SPECIFICATION Dispeersing or emulsifying apparatus The invention relates to a dispersing or emulsifying apparatus or the like having at least two tool rings rotating relative to each other, preferably having at least one rotor rotating at high speed and a fixed stator, the tool rings being arranged at a small spacing from each other and comprising slots or similar openings leading radially outwards.

Dispersing or emulsifying apparatus of this kind have long been known. Generally, a rotor rotates inside a stationary stator, at a small spacing therefrom. The rotor sucks in the medium in an axial direction and flings it radially outwards through its own slots and the slots in the stator.

The stator teeth which define these slots act as impact surfaces and the narrow gap between the rotor and stator produces considerable shearing effects. Particles which pass through the stator may generally be, at most, the same size as the width of the slots in the stator. As a result of the mechanical comminution, after a sufficient period of operation, almost all the solid constituents in the medium are, with statistical probability, reduced to a particle size which is somewhat smaller than the width of the slots in the stator.

In the past, in order to disperse a medium having relatively coarse constituents, it has been necessary either to use a multi-stage system with a relatively coarse stator, a medium stator and a fine stator or eise to change the rotors and stators in stages.
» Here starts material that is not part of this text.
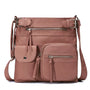 Damen Crossbody Tasche mit Mehreren Fächern Lederoptik-Rosa-Luzern Mode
The aim of the invention is to provide a dispersing apparatus of the kind mentioned above wherein an end product with the desired degree of fineness can be obtained without changing the stator and without a multi-stage and therefore energy-consuming construction.

To achieve this, in a dispersing apparatus of the kind mentioned above the width of the slots of at least one tool ring is made adjustable. It is particularly advantageous if the width of the slots is infinitely adjustable. One arrangement which is particularly simple in construction and easy to produce and which is of considerable importance to the invention consists in the fact that the slots in the stator which preferably embraces the rotor on the outside are variable in width. Since the stator is stationary, particularly good adjustment is possible therewith.

The stator may comprise a coaxial ring or other component having slots, which is rotatable and capable of being fixed in position relative to the stator. In this way the width of the slots in the stator may be varied particularly easily, namely by rotating this coaxial ring to a greater or lesser extent. As a result its slots coincide more or less with the slots in the other part of the stator.

The rotatable part may have as many slots as the stator and the areas between these slots may serve as slides for at least partially and variably closing off the slots in the stator.

Another embodiment which is also favourable from the point of view of production is obtained if the rotatable part has a ring or the like preferably encircling the end face of the stator at least partially, and has teeth or the like axially arranged thereon for adjusting the effective aperture size of the stator slots. The ring may be rotatably mounted on the end face of the stator and the teeth pointing away from the end face then form the above mentioned slide-like closing flaps for the stator slots.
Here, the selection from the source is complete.